Guess who disagreed (commercial fisherman), who continued to pull out drum fish at a record pace. Anyone come across a drum fish lately?????

Black Drum (http://www.huntstats.com/black_drum.html)

:lossinit:

Van
05-25-2005, 07:51 AM
I live in Mass....


Whats a POGIE ?????????? :mad: :mad: :mad:

cheferson
05-25-2005, 07:54 AM
Menhaden, bunker

likwid
05-25-2005, 07:58 AM
You mean there's some left? :hs:

Its been close to 10-15 years since I've seen a big school of menhaden in Buzzards Bay.

Van
05-25-2005, 07:58 AM
Menhaden, bunker

I was kidding, I have not seen them in my waters in 10 years.

Saltheart
05-25-2005, 08:14 AM
I can't ebleive they stiill allow them in the Bay. I thought RI made some restrictions a couple of years ago like they can't go above prudence Island or something???

Offshore24
05-25-2005, 09:42 AM
We used to have pogies in Maine. I remember late 80's we had massive killoff in the rivers due to them using up all the O2 and killing themselves. Then there were the Russians with their processing ship hanging off Harpswell. They'd hang out and send net boats out for weeks. Catching them all. It has never been the same. They are all gone now.. And the blues went with them. I used to catch blues that were 3-ft long. Now the blues should be looking over their shoulder for the mackerel to come and bite em in the butt. :realmad:

BrianS
05-25-2005, 10:00 AM
I remeber 10-11 years ago fishing in the Taunton River with pogies from shore to shore... and this was WAY up the river in sight of the TMLP plant..

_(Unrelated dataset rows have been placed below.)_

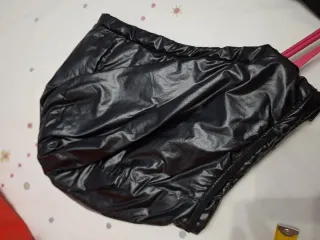 Cazadora acolchada negra mujer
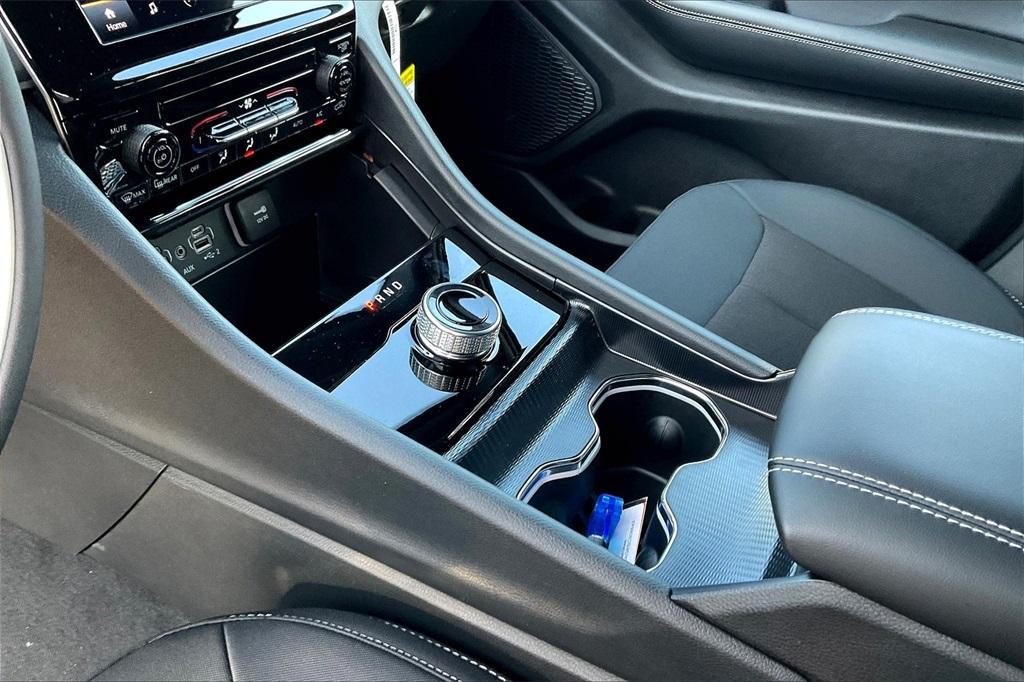 new 2025 Jeep Grand Cherokee car, priced at $36,243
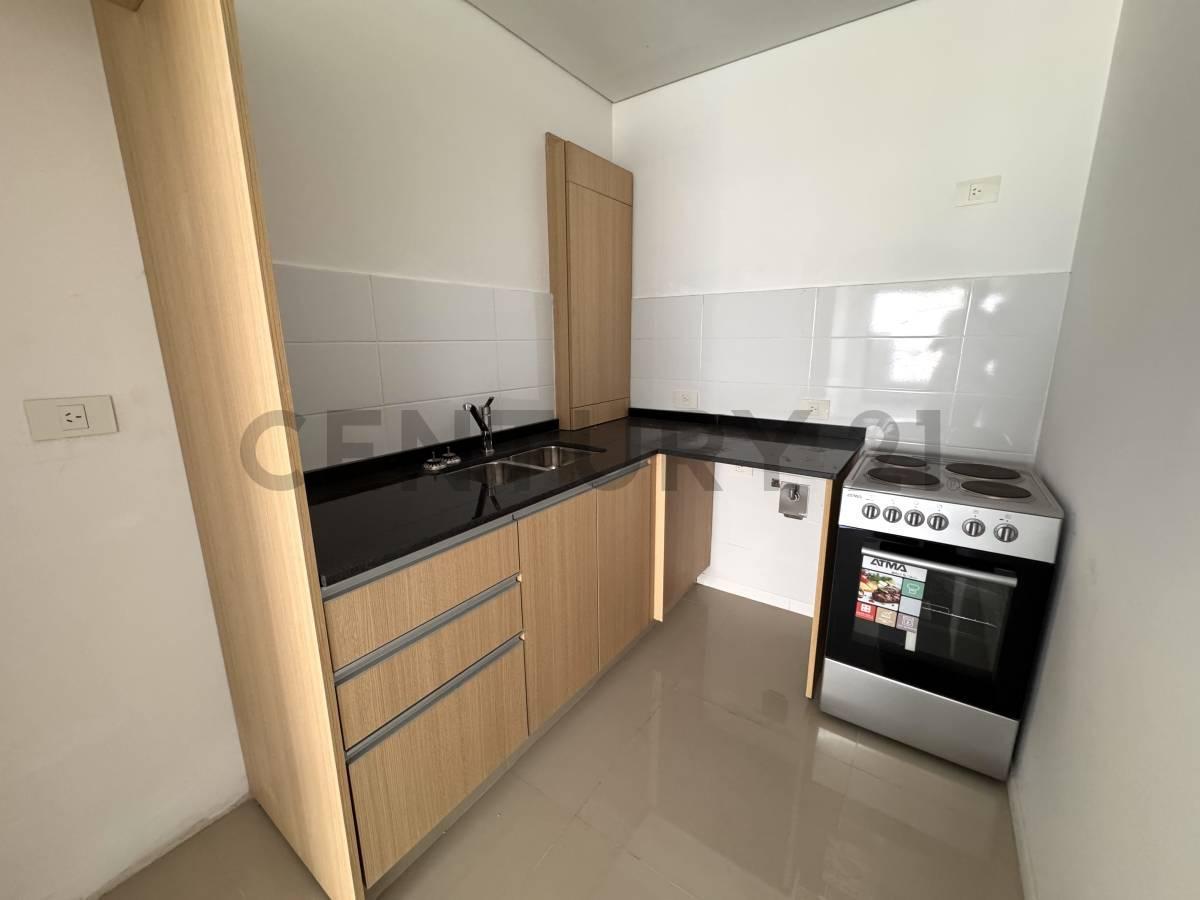 Foto de DEPARTAMENTO DOS AMBIENTES CON BALCON Y COCHERA CUBIERTA, imagen 3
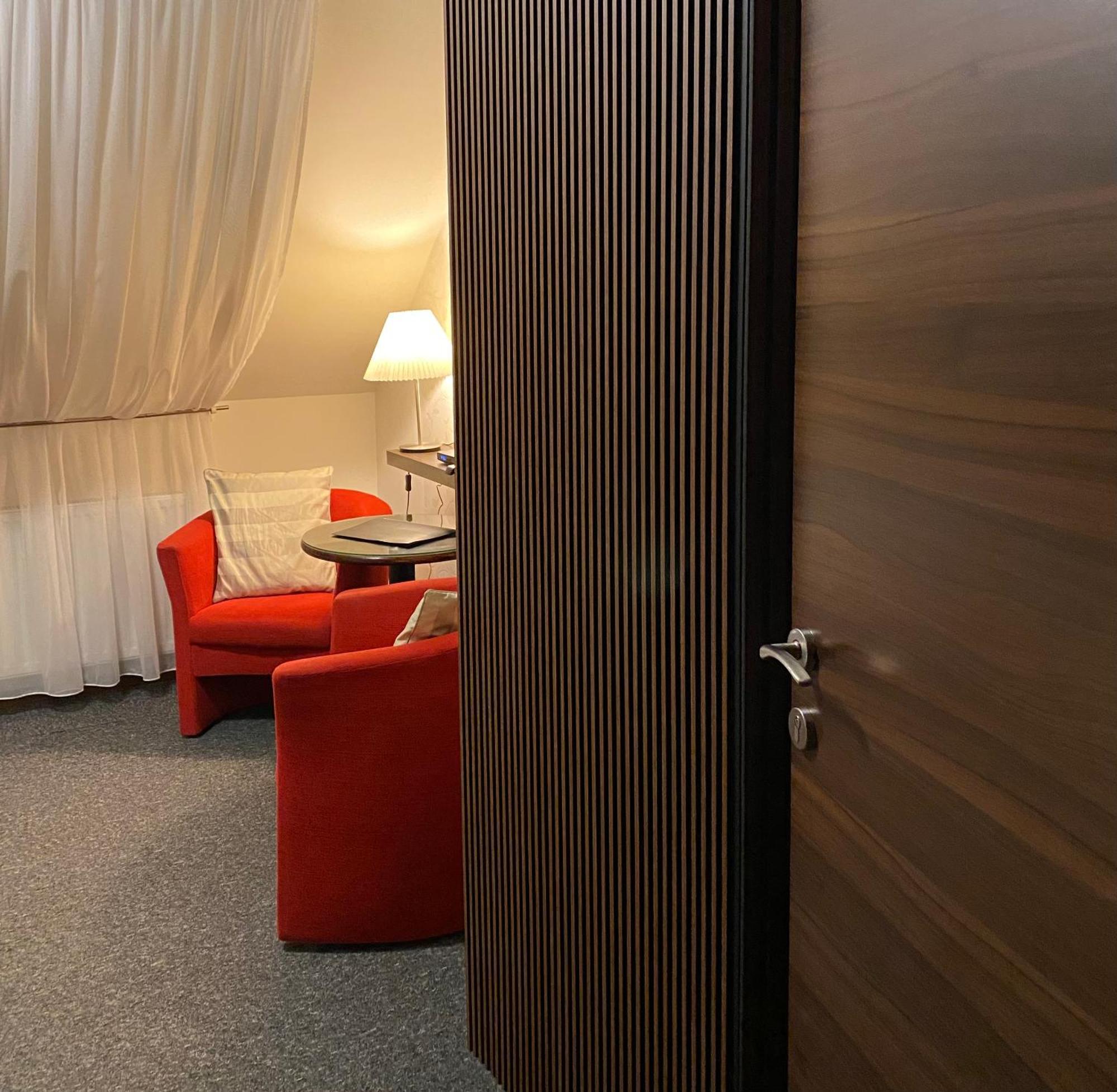 Penzion Luxor Trnava Exteriör bild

Neat to see seals that far up the river.


About that same time, my uncle was about to put his boat out of plymouth and inside the jetty there were hordes of pogies being chased by hordes of big blues... the water was red in alot of spots... lasted for quite awhile...

sad we may never see that type of stuff again... or at least a long while.

redlite
05-25-2005, 10:01 AM
I got an adult pogie tangled in my line while eelin in the canal the other night. I live lined it for 3 hours and didn't even get a touch.
I almost didn't even know what it was when I pulled in my line. Been so long since I've actually seen one alive. A truly lucky catch. Too bad mamma bass was around to eat it.

fishweewee
05-25-2005, 10:14 AM
Ah. Kwit yer bitching and go hire some bored Navy SEALs to attach some limpet mines on the hulls of those bunker boats and blow them to smithereens. :bl2:

Would make a hell of a chum slick. :hihi:

jettyjockey18
05-25-2005, 11:24 AM
About that same time, my uncle was about to put his boat out of plymouth and inside the jetty there were hordes of pogies being chased by hordes of big blues... the water was red in alot of spots... lasted for quite awhile...

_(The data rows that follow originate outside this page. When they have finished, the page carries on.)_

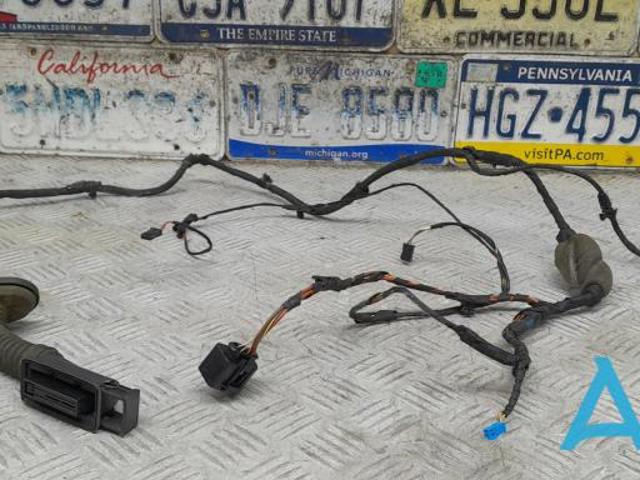Жгут проводов задней двери 61128793254 BMW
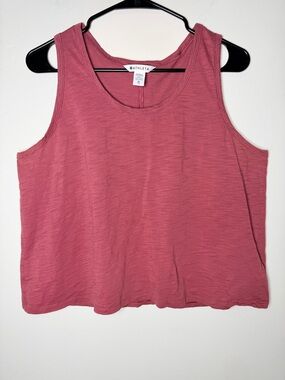Athleta Breezy Muscle Tee
Crimson XL tank top Pink red workout gym activewear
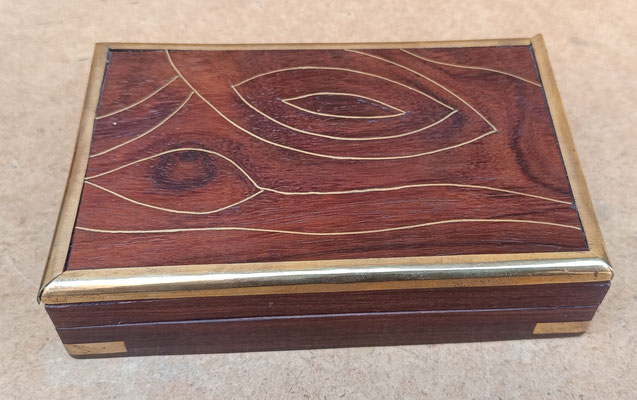 Caja madera adornos latón. Ref R248. 15x10x3,5
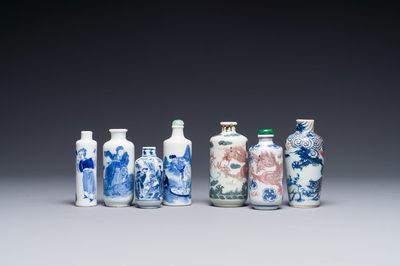 Sept tabatières en porcelaine de Chine en bleu, blanc et rouge de cuivre, marque de Yongle and Yongzheng, 19ème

sad we may never see that type of stuff again... or at least a long while.

i haven't snagged a pogy off the plymouth jetty since sept '95...and it aint from lack of effort...used to know when commercial striper season started becaused there'd be 20 boats all with gill nets stretched across the channel...

DZ
05-25-2005, 11:43 AM
IMO there are adult pogies "Somewhere"- just not here. How can we explain the massive amount of baby menhaden we have seen the past few years? - more than I've ever witnessed in my 35 years of chasing stripers. There may in fact be a decline in large menhaden - but these babies have been spawned by a significant population of adults.
A bigger question may be "Why are adult poigies not coming to northern waters in any numbers?
Could it be water quality, temp, food source? Or is it just cyclical?

JohnR
05-25-2005, 12:13 PM
One of the RI Marine Scientists indicated that the large menhaden might be offshore and prefer not to move inshore. But we get the nuts every year strong. Would it be that these couple hundred thousand pogies that come into the bay every spring leave their eggs before getting sucked up by Arc bait? Or would a couple years of a commercial no take policy inside the bay be enough to develop a large returning menahden population. Who knows, maybe if they were left alone here for a few years a local reocurring population would be resident here.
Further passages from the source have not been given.